Quilombolas de Alcântara
O acordo com os EUA também gera críticas e temores entre
moradores de Alcântara.
Lideranças locais dizem que no município há mais de 200
comunidades quilombolas, agrupadas em três territórios. As áreas ainda não
tiveram os processos de titulação finalizados.

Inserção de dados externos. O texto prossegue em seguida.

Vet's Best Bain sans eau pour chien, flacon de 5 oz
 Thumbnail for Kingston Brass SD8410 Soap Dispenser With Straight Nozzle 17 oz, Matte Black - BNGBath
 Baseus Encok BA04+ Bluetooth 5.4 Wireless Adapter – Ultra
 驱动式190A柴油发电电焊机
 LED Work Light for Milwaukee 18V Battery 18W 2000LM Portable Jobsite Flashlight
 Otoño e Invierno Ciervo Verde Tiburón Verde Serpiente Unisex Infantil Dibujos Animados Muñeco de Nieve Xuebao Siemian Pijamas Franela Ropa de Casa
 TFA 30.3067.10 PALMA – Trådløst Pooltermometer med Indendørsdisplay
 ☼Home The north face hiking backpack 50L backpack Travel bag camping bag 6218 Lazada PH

O centro de lançamentos fica dentro de um dos territórios
pleiteados, que ocupa uma área equivalente a 78 mil campos de futebol - e
abriga 108 comunidades.
Dessas, mais de 40 teriam de ser despejadas caso a
ampliação do centro estudada desde os anos 2000 seja levada a cabo, diz à BBC
News Brasil Servulo Borges, militante do movimento quilombola de Alcântara. Ele
diz acreditar que o acordo com os EUA acelerará os planos de ampliação.
Foto: CONAQ
Alcântara é o município brasileiro com maior númer de comunidades quilombolas, segundo lideranças locais. |
Convenção 169 da OIT
Borges afirma ainda que os moradores não foram
consultados sobre o acordo com os EUA - o que, segundo ele, fere a Convenção
169 da Organização Internacional do Trabalho (OIT) sobre Povos Indígenas e
Tribais.
Ratificada pelo Brasil em 2002, a convenção determina que
esses grupos devem ser consultados sobre medidas governamentais que tenham
impacto sobre eles.
O documento também postula que "os povos
interessados deverão ter o direito de escolher suas próprias prioridades no que
diz respeito ao processo de desenvolvimento na medida em que ele afete as suas
vidas, crenças, instituições e bem-estar espiritual, bem como as terras que
ocupam ou utilizam de alguma forma".
Em 2007, ao analisar uma disputa envolvendo o próprio
centro de Alcântara, a Justiça Federal reconheceu a aplicação da Convenção 169
para comunidades quilombolas.
Na ocasião, o juiz José Carlos do Vale Madeira, da 5ª
Vara Federal do Maranhão, determinou que a direção do centro não poderia
impedir que 47 quilombolas fizessem roças em áreas de onde foram expulsos para
a instação do centro.
A BBC News Brasil questionou a Presidência da República,
o Ministério da Ciência e Tecnologia e a Força Aérea Brasileira sobre possíveis
impactos do acordo para quilombolas de Alcântara, mas não recebeu respostas até
a publicação desta reportagem.
Expulsão de Famílias
O conflito na região remonta à década de 1980, quando uma
área onde viviam 312 famílias foi desapropriada para a construção da base. As
famílias foram realojadas para sete "agrovilas" concebidas por
militares.
Segundo Borges, a transferência "descaracterizou o
modo de organização social" das comunidades, impondo-lhes condições
"completamente diferentes da vida no quilombo" e semelhantes às de
assentamentos de reforma agrária.
O quilombola Nonato Masson, advogado do Centro de Cultura
Negra do Maranhão, diz que os quilombos de Alcântara viveram sem interferências
externas de 1700 até o fim da década de 1970, quando o governo se moveu para
construir o centro de lançamentos.
Ele diz que, além da consulta sobre o uso do centro e a
conclusão da titulação dos terriórios, as comunidades exigem ser indenizadas
pelos impactos do desalojamento nos anos 1980 - que, segundo ele, representou
"a destruição de uma experiência positiva da diáspora africana num
processo extremamente violento".
Fonte: Site do BBC News Brasil - http://www.bbc.com/portuguese
Comentário: Só um detalhe, o Acordo com a Ucrânia que gerou a mal engenhada empresa bi-nacional Alcântara Cyclone Space em momento algum previa a transferência de tecnologias, nem sequer de um simples parafuso como dito pela professora Erica Resende, inclusive esse era na época um dos pontos negativos do Acordo defendido pela Comunidade Espacial, apesar do mesmo ser apenas um acordo comercial de uso da base de Alcântara muito mal engenhado desde o seu início e motivado por questões politicas de interesse da esquerdopatia petista.